Moved by the rot at the Police College, Ikeja, Lagos, where men of the police are trained under inhumane conditions, the Senate yesterday vowed to carry out a holistic investigation into the funds allocated to the college and other training institutions in the force.
It also put the blame on itself for failing to effectively and efficiently perform its oversight role which would have detected the deplorable and appalling situation at the college and then raised an alarm prior to President Goodluck Jonathan’s visit.
The Chairman, Senate Committee on Public Accounts, Senator Ahmed Ibrahim Lawan (ANPP, Yobe North) told journalists in Abuja yesterday that the Senate had completed arrangements to summon the Police authorities to explain how funds appropriated to the college were spent.
He added that the investigation of the committee would however go beyond the Police College, Ikeja, with a view to finding a lasting solution to the rot in the entire system.
Lawan, who could not state the exact amounts appropriated to the college, however said that it was clear from the visit of the president that some agencies of the government were not living up to expectations.
“The public accounts committee has already taken some steps to ensure that the police authorities appear before the committee to explain the utilisation of the funds appropriated particularly to the college. But we are also expanding beyond the college because this is a sign that all is not okay with the police organisation.
“I want to hope that the rot will stop with the police college. But if in the course of our investigation we discover that it is more than the college and that some organisations within the police are facing the same thing, then we have to take very serious action.”
He said that the first step was to determine if the funds appropriated were enough, and if they were not, they would like to know how efficiently and prudently the scarce resources were used.
“If, however, the funds were enough and someone failed to do his or her duty, we will surely recommend serious sanctions for whoever is responsible.”
Commenting on poor oversight by the National Assembly, Senator Lawan admitted that the legislature, especially the House and Senate committees on Police Affairs would have detected the rot in the college if they had done their jobs properly.
He also accused the Police Affairs Ministry and Police Service Commission of not doing a good job of supervising the college.
He said: ‘’These are people that are directly involved with them. So it is a responsibility that we share. But I believe that we are supposed to take the lead in the oversight process because this is our major work.
“We are supposed to be visiting institutions and organisations that have been appropriated public funds to ensure that the funds are utilised properly.

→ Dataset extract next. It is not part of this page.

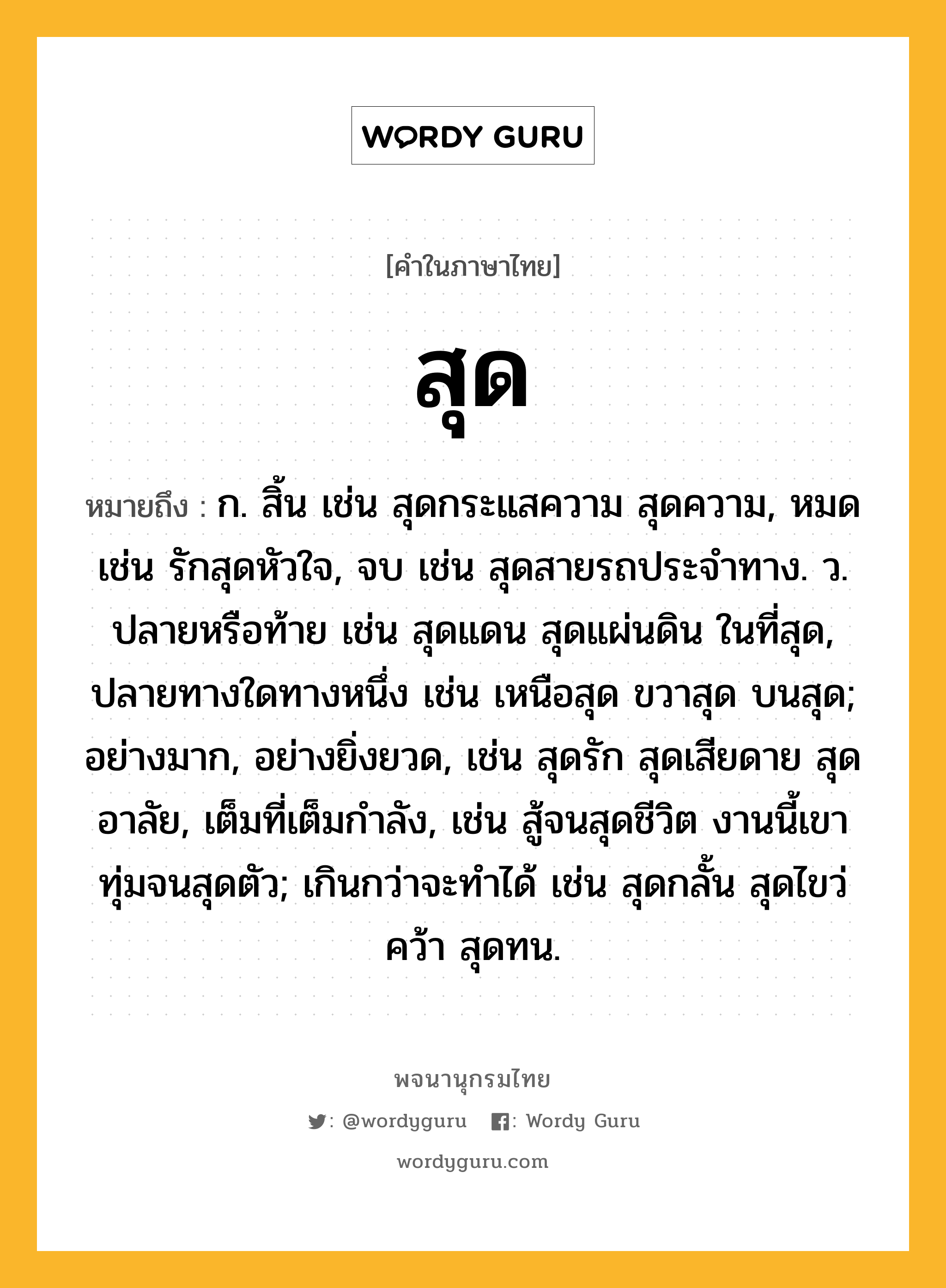 สุด หมายถึงอะไร?, คำในภาษาไทย สุด หมายถึง ก. สิ้น เช่น สุดกระแสความ สุดความ, หมด เช่น รักสุดหัวใจ, จบ เช่น สุดสายรถประจำทาง. ว. ปลายหรือท้าย เช่น สุดแดน สุดแผ่นดิน ในที่สุด, ปลายทางใดทางหนึ่ง เช่น เหนือสุด ขวาสุด บนสุด; อย่างมาก, อย่างยิ่งยวด, เช่น สุดรัก สุดเสียดาย สุดอาลัย, เต็มที่เต็มกำลัง, เช่น สู้จนสุดชีวิต งานนี้เขาทุ่มจนสุดตัว; เกินกว่าจะทำได้ เช่น สุดกลั้น สุดไขว่คว้า สุดทน.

“So, this is an eye opener not only for the police affairs committees but for other committees. And the Senate President has consistently told us to ensure that we have oversight functions and programmes that would ensure that no public fund is put in another way or used in an imprudent manner.
He applauded the visit by President Jonathan and said more of such visits should be done as they show the trainees that the leaders are really concerned with what happens at their institutions.
When asked whether the probe will be as holistic as that of Bureau for Public Enterprise, BPE, Lawan said: “We did not do BPE investigation as a Public Accounts Committee. You would recall that the BPE assignment was an ad hoc assignment.
“This police issue is a public account assignment. What we will do is narrow down appropriations over the year to the police and see how much has been utilised and to what the revelation will be.
“But I don’t think we will begin to investigate the police from 1999 till date. We will focus on the budget. You would recall that BPE was a total investigation and everything was involved. But with the police, I don’t think that is where we are going.”